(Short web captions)

----------------

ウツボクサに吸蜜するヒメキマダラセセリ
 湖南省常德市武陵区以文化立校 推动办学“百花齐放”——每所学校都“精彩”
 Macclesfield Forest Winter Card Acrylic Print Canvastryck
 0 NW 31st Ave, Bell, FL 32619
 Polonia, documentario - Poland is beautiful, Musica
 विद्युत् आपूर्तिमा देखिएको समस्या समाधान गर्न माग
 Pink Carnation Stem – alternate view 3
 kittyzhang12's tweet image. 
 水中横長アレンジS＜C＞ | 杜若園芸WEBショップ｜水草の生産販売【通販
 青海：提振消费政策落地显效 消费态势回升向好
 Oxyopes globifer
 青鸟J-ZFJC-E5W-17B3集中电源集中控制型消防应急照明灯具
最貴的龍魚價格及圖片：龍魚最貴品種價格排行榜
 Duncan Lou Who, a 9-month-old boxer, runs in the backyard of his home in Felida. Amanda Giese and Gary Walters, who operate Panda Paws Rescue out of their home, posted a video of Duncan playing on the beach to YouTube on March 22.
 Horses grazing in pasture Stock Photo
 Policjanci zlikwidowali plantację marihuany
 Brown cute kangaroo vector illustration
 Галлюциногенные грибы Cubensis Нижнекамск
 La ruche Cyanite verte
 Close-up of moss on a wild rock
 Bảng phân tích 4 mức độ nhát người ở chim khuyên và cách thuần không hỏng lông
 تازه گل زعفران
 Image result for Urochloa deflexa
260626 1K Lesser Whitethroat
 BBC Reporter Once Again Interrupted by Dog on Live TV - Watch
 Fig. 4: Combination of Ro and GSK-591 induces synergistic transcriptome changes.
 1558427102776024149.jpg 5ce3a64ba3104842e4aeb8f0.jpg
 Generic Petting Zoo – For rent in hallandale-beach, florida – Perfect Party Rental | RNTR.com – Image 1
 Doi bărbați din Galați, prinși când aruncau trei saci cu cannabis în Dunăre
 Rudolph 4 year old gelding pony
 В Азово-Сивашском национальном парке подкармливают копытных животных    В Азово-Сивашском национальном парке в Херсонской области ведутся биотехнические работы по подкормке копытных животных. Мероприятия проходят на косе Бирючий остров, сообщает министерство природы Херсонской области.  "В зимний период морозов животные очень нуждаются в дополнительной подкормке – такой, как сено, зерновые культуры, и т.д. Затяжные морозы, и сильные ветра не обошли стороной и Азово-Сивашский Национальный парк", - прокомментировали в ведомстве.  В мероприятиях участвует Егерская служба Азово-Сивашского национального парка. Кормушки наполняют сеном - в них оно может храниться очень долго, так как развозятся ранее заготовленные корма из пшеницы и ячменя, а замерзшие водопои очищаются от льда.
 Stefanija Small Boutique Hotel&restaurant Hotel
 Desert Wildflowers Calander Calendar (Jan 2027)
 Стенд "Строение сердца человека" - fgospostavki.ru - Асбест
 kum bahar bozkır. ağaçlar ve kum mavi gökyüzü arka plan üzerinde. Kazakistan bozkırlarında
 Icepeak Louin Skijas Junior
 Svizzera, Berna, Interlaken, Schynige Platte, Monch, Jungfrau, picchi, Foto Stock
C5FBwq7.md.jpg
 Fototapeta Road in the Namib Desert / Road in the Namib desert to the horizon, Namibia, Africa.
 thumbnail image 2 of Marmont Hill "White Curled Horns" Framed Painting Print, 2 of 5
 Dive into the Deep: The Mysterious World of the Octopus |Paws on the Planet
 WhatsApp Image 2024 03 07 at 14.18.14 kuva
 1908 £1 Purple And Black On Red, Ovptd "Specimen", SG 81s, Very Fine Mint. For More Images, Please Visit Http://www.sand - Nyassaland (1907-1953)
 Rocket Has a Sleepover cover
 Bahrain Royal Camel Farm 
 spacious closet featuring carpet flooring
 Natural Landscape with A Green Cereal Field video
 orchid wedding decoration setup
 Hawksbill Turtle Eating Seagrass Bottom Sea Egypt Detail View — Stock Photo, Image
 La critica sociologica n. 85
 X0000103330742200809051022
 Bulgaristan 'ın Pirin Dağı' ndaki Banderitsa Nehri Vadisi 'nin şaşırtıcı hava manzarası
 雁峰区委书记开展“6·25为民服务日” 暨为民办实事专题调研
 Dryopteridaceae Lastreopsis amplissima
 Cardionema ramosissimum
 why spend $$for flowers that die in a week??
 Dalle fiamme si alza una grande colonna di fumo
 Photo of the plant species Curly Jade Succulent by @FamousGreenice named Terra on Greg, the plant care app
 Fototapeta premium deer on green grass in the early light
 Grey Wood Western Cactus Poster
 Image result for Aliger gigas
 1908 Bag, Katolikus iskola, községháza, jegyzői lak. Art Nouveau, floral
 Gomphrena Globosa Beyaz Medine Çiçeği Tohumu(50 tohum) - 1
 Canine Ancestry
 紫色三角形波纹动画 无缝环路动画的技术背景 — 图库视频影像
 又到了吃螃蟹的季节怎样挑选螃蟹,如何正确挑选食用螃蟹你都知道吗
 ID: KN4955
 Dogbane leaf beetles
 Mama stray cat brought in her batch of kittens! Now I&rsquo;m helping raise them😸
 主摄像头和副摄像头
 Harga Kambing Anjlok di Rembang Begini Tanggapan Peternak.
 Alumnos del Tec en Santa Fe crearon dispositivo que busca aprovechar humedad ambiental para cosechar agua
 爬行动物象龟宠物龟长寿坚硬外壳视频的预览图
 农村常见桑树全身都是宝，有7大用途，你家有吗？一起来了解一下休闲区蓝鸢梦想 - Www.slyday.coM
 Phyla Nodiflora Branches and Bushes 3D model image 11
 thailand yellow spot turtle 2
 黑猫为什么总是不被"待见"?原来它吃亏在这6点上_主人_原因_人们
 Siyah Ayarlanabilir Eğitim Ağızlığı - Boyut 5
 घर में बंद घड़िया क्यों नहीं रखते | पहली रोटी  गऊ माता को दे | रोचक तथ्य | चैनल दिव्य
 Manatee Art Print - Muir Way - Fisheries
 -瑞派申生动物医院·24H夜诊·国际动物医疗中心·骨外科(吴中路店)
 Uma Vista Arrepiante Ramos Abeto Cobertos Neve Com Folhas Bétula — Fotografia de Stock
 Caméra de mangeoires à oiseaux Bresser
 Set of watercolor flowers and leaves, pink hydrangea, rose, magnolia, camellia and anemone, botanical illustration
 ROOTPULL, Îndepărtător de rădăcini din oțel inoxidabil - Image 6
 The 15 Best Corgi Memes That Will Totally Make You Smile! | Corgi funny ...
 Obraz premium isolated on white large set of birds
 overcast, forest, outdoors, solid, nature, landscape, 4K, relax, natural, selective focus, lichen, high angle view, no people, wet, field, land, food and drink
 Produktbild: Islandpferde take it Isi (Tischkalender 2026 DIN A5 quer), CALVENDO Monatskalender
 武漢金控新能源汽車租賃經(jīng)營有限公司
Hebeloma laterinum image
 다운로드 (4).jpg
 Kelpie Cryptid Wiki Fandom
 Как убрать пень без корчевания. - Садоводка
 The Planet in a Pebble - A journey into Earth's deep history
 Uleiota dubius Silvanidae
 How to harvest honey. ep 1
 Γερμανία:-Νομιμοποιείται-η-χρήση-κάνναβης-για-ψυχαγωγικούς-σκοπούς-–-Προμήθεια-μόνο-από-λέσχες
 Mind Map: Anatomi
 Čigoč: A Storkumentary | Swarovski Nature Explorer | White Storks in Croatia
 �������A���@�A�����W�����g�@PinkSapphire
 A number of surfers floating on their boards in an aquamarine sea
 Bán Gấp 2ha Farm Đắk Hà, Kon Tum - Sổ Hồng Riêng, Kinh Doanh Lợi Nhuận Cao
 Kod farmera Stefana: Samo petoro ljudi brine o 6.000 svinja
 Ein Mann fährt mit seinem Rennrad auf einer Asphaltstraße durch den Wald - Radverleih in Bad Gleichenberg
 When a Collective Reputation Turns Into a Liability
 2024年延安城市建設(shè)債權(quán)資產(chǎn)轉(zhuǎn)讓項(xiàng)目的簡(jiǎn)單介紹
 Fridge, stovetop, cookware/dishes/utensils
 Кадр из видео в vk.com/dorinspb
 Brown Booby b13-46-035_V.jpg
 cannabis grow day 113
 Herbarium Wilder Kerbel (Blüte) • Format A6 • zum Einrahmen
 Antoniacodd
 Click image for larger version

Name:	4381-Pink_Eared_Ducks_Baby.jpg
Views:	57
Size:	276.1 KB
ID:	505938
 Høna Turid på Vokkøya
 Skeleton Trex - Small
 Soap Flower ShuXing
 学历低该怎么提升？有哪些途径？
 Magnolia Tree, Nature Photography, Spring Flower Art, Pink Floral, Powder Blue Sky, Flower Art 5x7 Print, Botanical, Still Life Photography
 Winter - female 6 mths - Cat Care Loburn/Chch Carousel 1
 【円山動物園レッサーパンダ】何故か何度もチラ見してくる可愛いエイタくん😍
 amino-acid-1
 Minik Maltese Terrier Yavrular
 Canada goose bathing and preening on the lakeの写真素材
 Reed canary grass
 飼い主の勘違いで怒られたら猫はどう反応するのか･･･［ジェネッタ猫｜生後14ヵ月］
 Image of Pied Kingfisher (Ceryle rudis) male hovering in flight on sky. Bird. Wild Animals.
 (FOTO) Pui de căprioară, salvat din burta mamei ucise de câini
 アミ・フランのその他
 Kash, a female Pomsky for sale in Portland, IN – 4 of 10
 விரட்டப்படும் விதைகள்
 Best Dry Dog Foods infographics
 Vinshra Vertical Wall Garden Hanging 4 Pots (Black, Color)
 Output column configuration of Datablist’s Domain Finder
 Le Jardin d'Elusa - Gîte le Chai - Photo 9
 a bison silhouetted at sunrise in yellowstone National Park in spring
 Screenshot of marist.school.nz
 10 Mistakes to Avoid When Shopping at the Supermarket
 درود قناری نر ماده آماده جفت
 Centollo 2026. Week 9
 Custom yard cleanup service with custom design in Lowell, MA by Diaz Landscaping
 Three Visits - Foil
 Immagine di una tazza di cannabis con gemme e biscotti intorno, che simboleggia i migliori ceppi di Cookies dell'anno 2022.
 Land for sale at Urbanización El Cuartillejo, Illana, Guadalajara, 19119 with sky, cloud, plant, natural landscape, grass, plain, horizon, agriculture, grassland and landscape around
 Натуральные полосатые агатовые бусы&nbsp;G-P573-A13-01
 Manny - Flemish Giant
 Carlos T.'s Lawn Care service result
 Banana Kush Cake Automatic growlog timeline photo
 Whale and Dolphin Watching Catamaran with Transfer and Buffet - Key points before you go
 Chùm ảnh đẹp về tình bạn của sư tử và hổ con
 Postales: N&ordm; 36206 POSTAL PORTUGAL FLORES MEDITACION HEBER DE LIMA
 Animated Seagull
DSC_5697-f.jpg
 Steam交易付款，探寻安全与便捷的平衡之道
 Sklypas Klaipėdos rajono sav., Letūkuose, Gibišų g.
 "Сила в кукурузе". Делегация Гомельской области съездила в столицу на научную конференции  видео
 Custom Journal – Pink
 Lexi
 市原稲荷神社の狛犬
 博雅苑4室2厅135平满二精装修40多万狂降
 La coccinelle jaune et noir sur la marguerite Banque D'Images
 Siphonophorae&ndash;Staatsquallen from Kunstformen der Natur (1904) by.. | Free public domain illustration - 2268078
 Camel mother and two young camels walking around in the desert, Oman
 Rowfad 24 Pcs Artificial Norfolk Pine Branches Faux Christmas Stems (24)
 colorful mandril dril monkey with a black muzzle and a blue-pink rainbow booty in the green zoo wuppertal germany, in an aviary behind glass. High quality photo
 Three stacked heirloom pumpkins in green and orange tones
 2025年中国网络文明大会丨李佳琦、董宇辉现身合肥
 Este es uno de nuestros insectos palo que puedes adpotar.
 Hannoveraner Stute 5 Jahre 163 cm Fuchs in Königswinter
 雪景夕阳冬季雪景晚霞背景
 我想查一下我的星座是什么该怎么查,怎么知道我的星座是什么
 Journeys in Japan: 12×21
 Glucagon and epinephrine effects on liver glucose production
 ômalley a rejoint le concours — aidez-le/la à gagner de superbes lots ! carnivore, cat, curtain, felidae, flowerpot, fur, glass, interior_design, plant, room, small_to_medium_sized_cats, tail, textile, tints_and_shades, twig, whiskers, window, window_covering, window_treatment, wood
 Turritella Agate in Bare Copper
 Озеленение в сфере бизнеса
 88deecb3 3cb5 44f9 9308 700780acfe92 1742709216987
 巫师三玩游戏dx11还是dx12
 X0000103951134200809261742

----------------

• What you should do:
All that should be written out is the stretch of lines above between the one holding "Bulgaristan 'ın Pirin" and the one holding "Dalle fiamme si", inclusive, exactly as given.

• Task output:
 Bulgaristan 'ın Pirin Dağı' ndaki Banderitsa Nehri Vadisi 'nin şaşırtıcı hava manzarası
 雁峰区委书记开展“6·25为民服务日” 暨为民办实事专题调研
 Dryopteridaceae Lastreopsis amplissima
 Cardionema ramosissimum
 why spend $$for flowers that die in a week??
 Dalle fiamme si alza una grande colonna di fumo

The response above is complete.